Physics Today Fires Author of Book on 'Soul-Battering System' of the Workplace

By JEFF SHARLET

DISCIPLINE THIS: Jeff Schmidt says his employers at Physics Today disliked his new book, Disciplined Minds: A Critical Look at Salaried Professionals and the Soul-Battering System That Shapes Their Lives (Rowman & Littlefield), so much that they decided to discipline him. In fact, they fired him.

Mr. Schmidt believes the trouble began after his boss, Stephen G. Benka, caught a co-worker reading an item about the book in Hot Type ("Steal This Book," May 26). "She was laughing out loud when my boss came along and asked, 'What's so funny?'" says Mr. Schmidt. Apparently, Mr. Benka was not amused by Mr. Schmidt's statement, quoted from the book, that he'd written Disciplined Minds partly on time stolen from work.

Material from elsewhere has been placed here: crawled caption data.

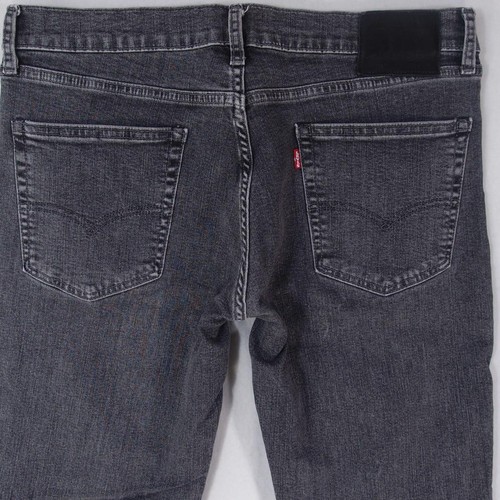 Jeans Homme Replay M1010 LANNY Skinny Gris - Taille W36 L30 - Coton élasthanne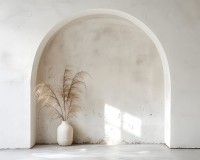 Ścianka fotograficzna BOHO BASIC bohobc013f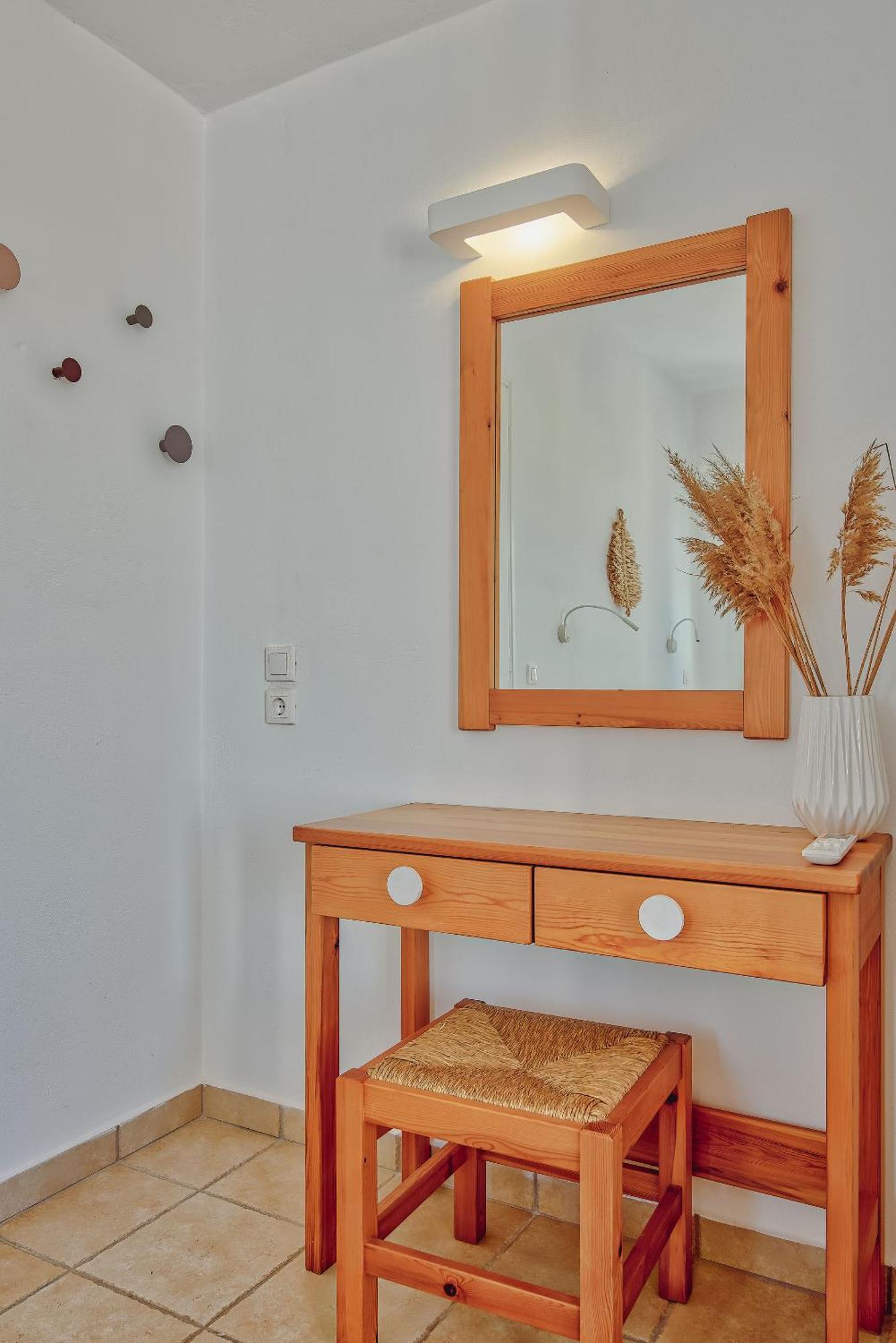 Agapi's Holiday home Andiparos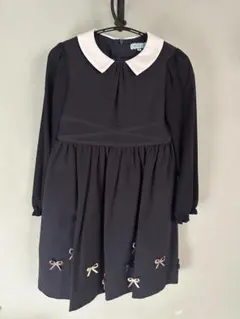 【最終値下げ】TOCCAトッカ上着ワンピース  120靴卒園式 入学式 結婚式 2026年最新】トッカ入学式の人気アイテム - メルカリ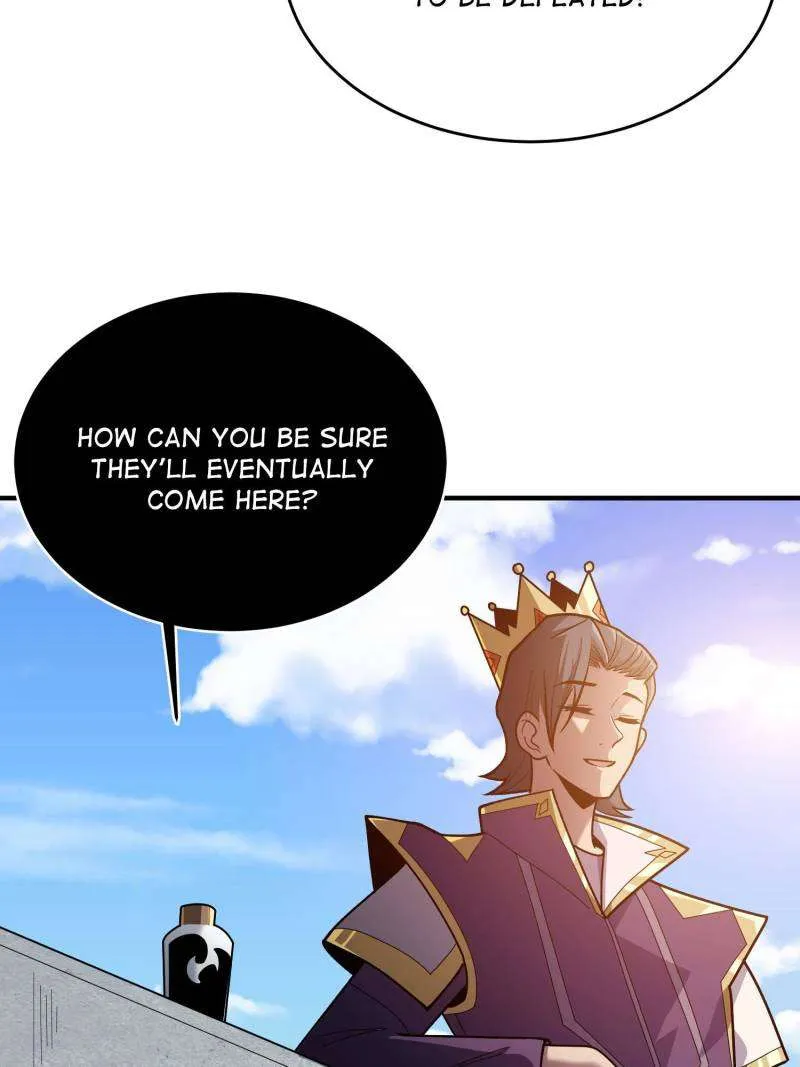 I’m Really Not A Supervillain Chapter 219 page 65 - 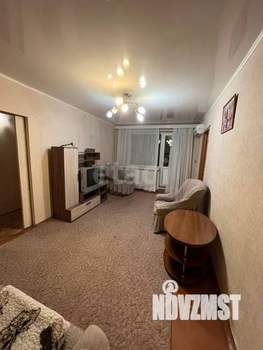 2-к квартира, вторичка, 45м2, 4/5 этаж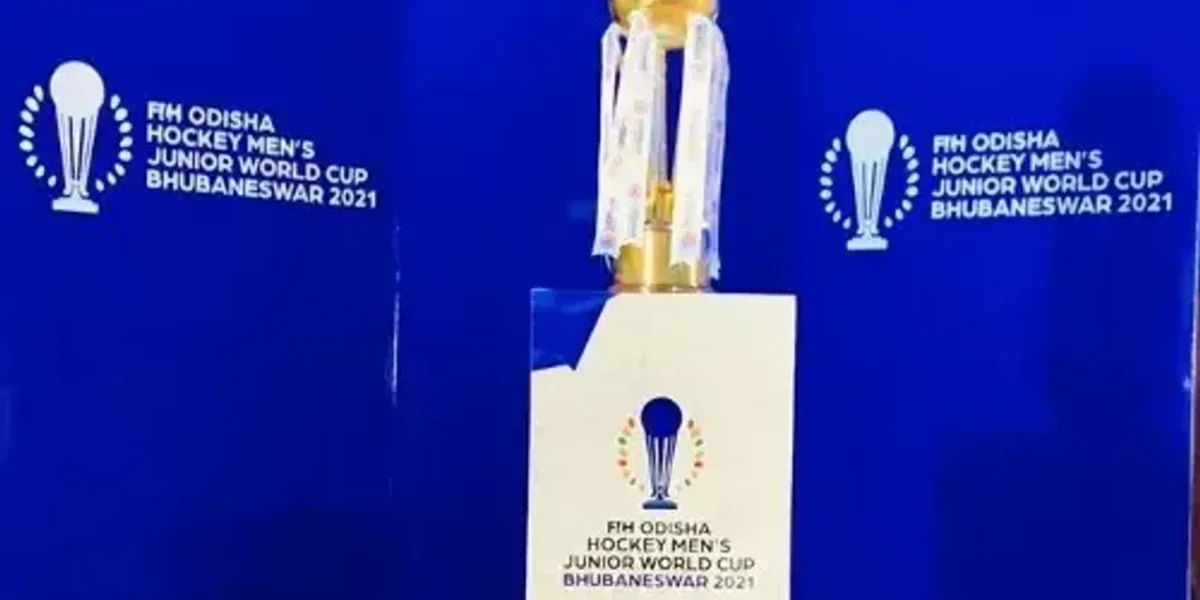 FIH Odisha Hockey Men’s Junior World Cup commences in Odisha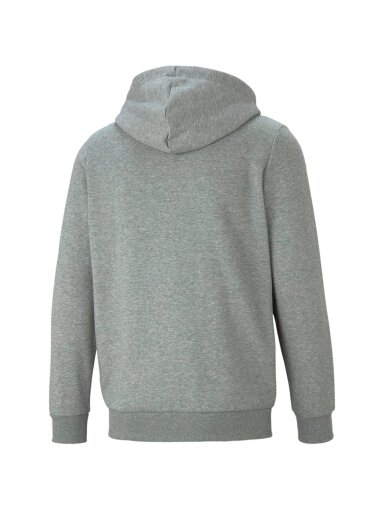 Vyriški džemperiai Puma ESS Small Logo FZ Hoodie FL ball 586702 03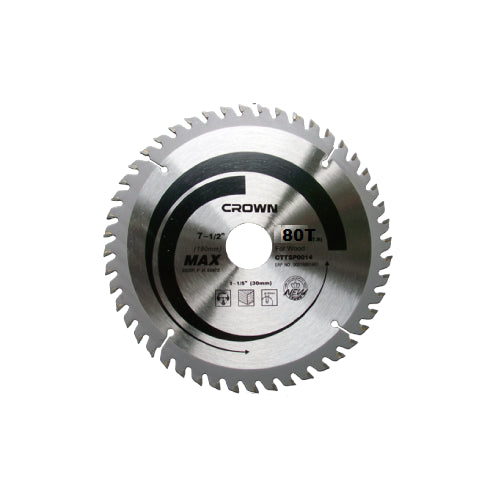 CTTSP0051 TCT Saw Blade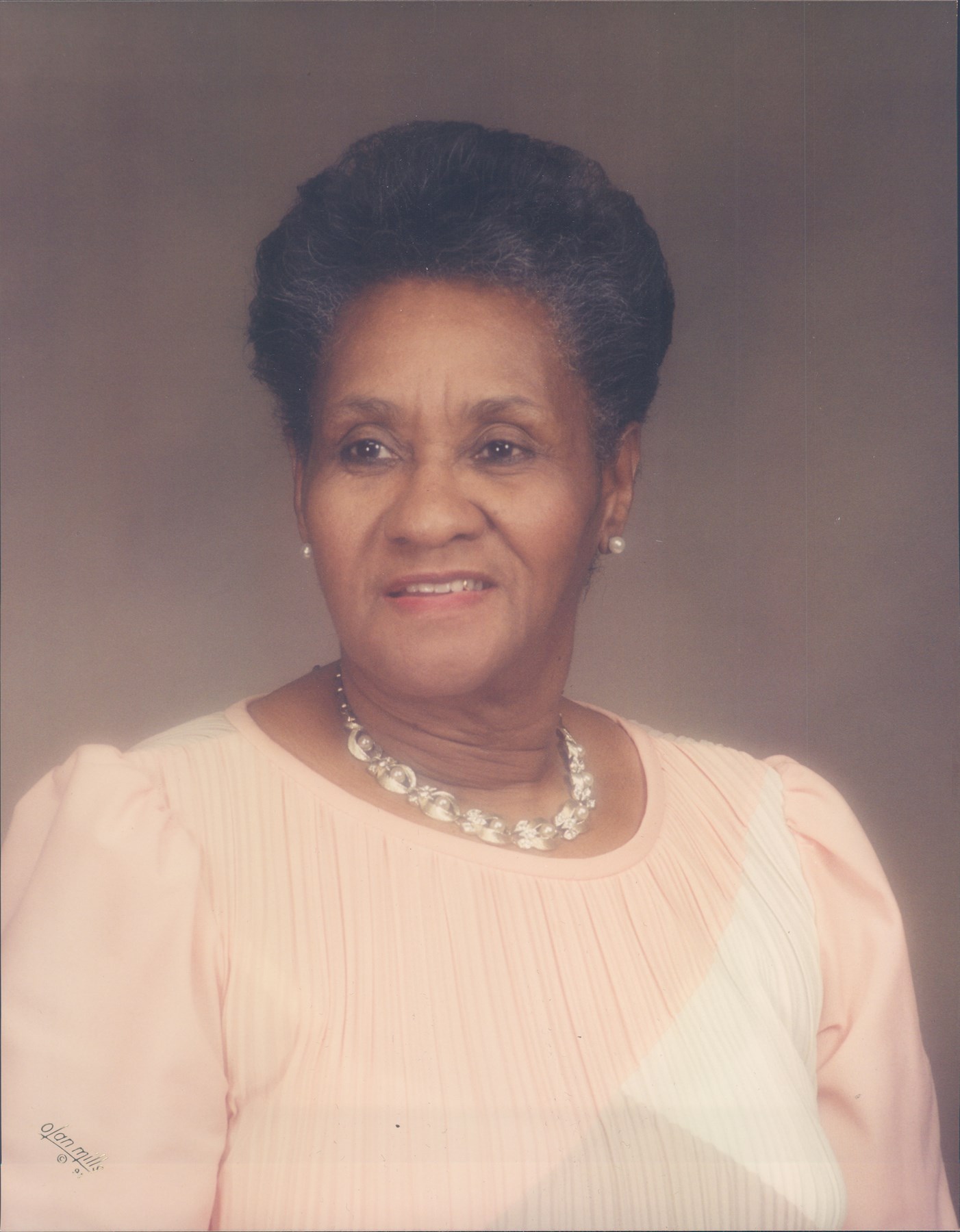 Obituary of Lula Davis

"He read it right there, but he didn't laugh," says Mr. Schmidt.

The following Wednesday, May 31, Mr. Benka asked him to join the publisher, Randolph A. Nanna, for a trip to the human-resources department. There a human-resources professional told him that he was being "terminated with cause" after 19 years at the magazine, during which Mr. Schmidt says he'd consistently received above-average or satisfactory evaluations. Then he was escorted out of the building without being allowed to return to his office.

Neither Mr. Nanna nor Mr. Benka would comment. Theresa C. Braun, director of human resources for the nonprofit American Institute of Physics, which publishes the magazine, said only that Mr. Schmidt "was not terminated because of the [Chronicle] article, nor because of the general content of the book."

Mr. Schmidt, who earned a Ph.D. in physics from the University of California at Irvine, says they told him that the very existence of the book was evidence that he wasn't "fully engaged" at Physics Today.

In fact, Mr. Schmidt's book argues that it is impossible to be "fully engaged" in a hierarchical institution, an argument that would hardly strike most people as new or shocking. The strength of the book, according to its supporters, lies in its humor and its detailed examination of the particularities of professional life.

"A witty, incisive, original analysis of the politics of professionalism," wrote Michael Berube, an English professor at the University of Illinois at Urbana-Champaign, in a jacket blurb. "Finally, a book that tells it like it is," wrote Stanley Aronowitz, a sociologist at the City University of New York.

Or now, for Mr. Schmidt, how it was.